- **Your objective**
Return the data. Every word must match.

[Data — start]

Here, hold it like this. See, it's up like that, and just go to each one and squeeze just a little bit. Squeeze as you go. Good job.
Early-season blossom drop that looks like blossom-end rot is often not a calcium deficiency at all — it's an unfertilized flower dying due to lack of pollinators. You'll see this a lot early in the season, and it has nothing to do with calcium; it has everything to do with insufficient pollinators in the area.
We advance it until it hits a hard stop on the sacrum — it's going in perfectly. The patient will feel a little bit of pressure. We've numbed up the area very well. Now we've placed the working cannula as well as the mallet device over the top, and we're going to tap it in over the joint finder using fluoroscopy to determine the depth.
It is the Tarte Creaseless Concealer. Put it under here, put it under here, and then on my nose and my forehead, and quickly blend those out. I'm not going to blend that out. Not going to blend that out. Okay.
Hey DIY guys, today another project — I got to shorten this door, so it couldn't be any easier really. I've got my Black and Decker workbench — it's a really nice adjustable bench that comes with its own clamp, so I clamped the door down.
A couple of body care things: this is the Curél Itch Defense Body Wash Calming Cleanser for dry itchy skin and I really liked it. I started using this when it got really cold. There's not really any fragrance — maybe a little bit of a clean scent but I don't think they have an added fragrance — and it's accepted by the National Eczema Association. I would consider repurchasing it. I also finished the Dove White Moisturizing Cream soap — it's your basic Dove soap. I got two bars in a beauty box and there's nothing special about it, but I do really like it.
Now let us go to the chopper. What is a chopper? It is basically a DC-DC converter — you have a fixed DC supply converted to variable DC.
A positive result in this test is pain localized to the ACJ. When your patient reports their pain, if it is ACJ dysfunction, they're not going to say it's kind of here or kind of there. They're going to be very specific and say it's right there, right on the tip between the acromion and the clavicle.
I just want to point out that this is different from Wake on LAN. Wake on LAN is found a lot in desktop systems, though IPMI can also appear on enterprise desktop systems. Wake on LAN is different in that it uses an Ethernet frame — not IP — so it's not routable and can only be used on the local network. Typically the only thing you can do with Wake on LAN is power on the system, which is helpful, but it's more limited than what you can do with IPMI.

[Data — finish]

- **Finished task**
Here, hold it like this. See, it's up like that, and just go to each one and squeeze just a little bit. Squeeze as you go. Good job.
Early-season blossom drop that looks like blossom-end rot is often not a calcium deficiency at all — it's an unfertilized flower dying due to lack of pollinators. You'll see this a lot early in the season, and it has nothing to do with calcium; it has everything to do with insufficient pollinators in the area.
We advance it until it hits a hard stop on the sacrum — it's going in perfectly. The patient will feel a little bit of pressure. We've numbed up the area very well. Now we've placed the working cannula as well as the mallet device over the top, and we're going to tap it in over the joint finder using fluoroscopy to determine the depth.
It is the Tarte Creaseless Concealer. Put it under here, put it under here, and then on my nose and my forehead, and quickly blend those out. I'm not going to blend that out. Not going to blend that out. Okay.
Hey DIY guys, today another project — I got to shorten this door, so it couldn't be any easier really. I've got my Black and Decker workbench — it's a really nice adjustable bench that comes with its own clamp, so I clamped the door down.
A couple of body care things: this is the Curél Itch Defense Body Wash Calming Cleanser for dry itchy skin and I really liked it. I started using this when it got really cold. There's not really any fragrance — maybe a little bit of a clean scent but I don't think they have an added fragrance — and it's accepted by the National Eczema Association. I would consider repurchasing it. I also finished the Dove White Moisturizing Cream soap — it's your basic Dove soap. I got two bars in a beauty box and there's nothing special about it, but I do really like it.
Now let us go to the chopper. What is a chopper? It is basically a DC-DC converter — you have a fixed DC supply converted to variable DC.
A positive result in this test is pain localized to the ACJ. When your patient reports their pain, if it is ACJ dysfunction, they're not going to say it's kind of here or kind of there. They're going to be very specific and say it's right there, right on the tip between the acromion and the clavicle.
I just want to point out that this is different from Wake on LAN. Wake on LAN is found a lot in desktop systems, though IPMI can also appear on enterprise desktop systems. Wake on LAN is different in that it uses an Ethernet frame — not IP — so it's not routable and can only be used on the local network. Typically the only thing you can do with Wake on LAN is power on the system, which is helpful, but it's more limited than what you can do with IPMI.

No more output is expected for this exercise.